Michael Jing Xu
MIT EECS - Actifio Undergraduate Research and Innovation Scholar
Hardware-Accelerated Map-Reduce on Distributed Flash Storage
2014–2015
Arvind Mithal
BlueDBM is a distributed flash data store which aims to accelerate analytics over large volumes of data. At its core, BlueDBM comprises a network of flash storage devices linked by FPGA controllers. In addition to providing low-latency communication, the FPGAs can implement powerful application specific accelerators. Unfortunately, to reap the benefits of the FPGA-based accelerators as of now, users need to write code in a hardware description language. Most distributed systems designers don’t know Verilog or BlueSpec, but are comfortable with languages similar to PigLatin for Hadoop. Our project involves designing a similar high-level framework that defines MapReduce programs for BlueDBM. Our goal is to make BlueDBM as usable as it is powerful.

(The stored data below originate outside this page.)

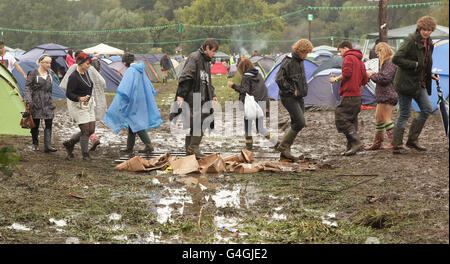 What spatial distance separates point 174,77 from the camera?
3262 cm

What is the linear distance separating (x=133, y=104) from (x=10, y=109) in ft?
8.09

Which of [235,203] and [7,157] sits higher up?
[7,157]

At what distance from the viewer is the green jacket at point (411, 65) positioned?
22.8 feet

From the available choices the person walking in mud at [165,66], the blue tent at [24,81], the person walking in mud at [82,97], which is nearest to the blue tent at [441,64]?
the person walking in mud at [82,97]

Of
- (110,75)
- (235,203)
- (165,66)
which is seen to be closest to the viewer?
(235,203)

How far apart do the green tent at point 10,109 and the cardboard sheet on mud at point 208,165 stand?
2.85 m

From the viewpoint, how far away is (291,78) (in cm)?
787

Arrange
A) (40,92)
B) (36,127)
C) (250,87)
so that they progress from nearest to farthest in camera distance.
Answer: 1. (40,92)
2. (36,127)
3. (250,87)

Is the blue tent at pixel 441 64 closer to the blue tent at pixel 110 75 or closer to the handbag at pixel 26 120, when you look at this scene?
the handbag at pixel 26 120

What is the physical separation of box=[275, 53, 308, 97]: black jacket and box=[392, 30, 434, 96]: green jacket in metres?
1.36

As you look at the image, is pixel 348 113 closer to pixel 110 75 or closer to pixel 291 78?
pixel 291 78

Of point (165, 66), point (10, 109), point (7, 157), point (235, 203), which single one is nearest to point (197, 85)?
point (235, 203)

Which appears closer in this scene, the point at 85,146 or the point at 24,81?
the point at 85,146

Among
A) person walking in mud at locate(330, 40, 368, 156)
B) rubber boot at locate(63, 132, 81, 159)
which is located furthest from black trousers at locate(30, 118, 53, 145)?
person walking in mud at locate(330, 40, 368, 156) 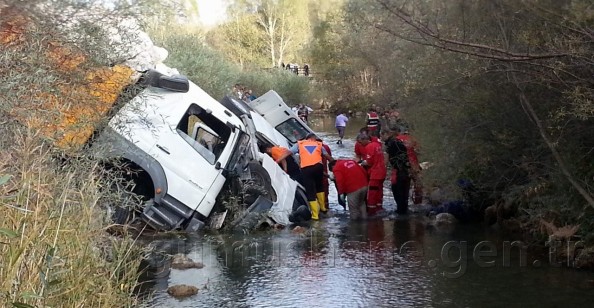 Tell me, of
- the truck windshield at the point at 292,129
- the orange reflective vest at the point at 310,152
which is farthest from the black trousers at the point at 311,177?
the truck windshield at the point at 292,129

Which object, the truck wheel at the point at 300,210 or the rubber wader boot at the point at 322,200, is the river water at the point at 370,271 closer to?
the truck wheel at the point at 300,210

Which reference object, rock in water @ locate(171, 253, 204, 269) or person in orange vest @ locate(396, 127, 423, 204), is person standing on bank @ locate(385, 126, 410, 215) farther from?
rock in water @ locate(171, 253, 204, 269)

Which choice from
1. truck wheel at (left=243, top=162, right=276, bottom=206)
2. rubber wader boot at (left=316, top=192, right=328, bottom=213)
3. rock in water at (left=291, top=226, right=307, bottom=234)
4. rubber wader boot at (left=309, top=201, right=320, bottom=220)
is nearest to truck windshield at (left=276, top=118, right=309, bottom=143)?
rubber wader boot at (left=316, top=192, right=328, bottom=213)

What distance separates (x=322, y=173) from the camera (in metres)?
13.1

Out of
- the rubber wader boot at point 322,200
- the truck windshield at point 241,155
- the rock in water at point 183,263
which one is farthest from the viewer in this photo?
the rubber wader boot at point 322,200

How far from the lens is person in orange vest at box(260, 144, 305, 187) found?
13.2 metres

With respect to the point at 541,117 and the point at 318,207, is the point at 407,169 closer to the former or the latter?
the point at 318,207

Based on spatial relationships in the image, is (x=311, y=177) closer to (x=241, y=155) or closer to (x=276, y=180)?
(x=276, y=180)

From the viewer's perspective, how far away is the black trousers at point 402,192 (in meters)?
13.3

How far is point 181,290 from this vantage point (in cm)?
794

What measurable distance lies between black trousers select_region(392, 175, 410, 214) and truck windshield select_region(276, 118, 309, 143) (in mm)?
3342

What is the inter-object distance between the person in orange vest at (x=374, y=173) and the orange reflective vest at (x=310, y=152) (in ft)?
2.65

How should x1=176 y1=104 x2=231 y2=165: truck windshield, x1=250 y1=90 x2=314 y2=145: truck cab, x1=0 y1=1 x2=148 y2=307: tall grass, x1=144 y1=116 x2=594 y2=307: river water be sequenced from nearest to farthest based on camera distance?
1. x1=0 y1=1 x2=148 y2=307: tall grass
2. x1=144 y1=116 x2=594 y2=307: river water
3. x1=176 y1=104 x2=231 y2=165: truck windshield
4. x1=250 y1=90 x2=314 y2=145: truck cab

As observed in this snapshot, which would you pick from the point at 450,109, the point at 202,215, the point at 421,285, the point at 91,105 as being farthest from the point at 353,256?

At Palantir, I spent time rewriting their custom finance language using a newer version of ANTLR. At Google, I improved the reindexer for the storage system responsible for the company’s corporate data. At MIT, Distributed Systems and Multicore Programming got me interested in distributed computing. But it was Computer System Architecture, one of my favorite courses, that led me to this project and hardware in general.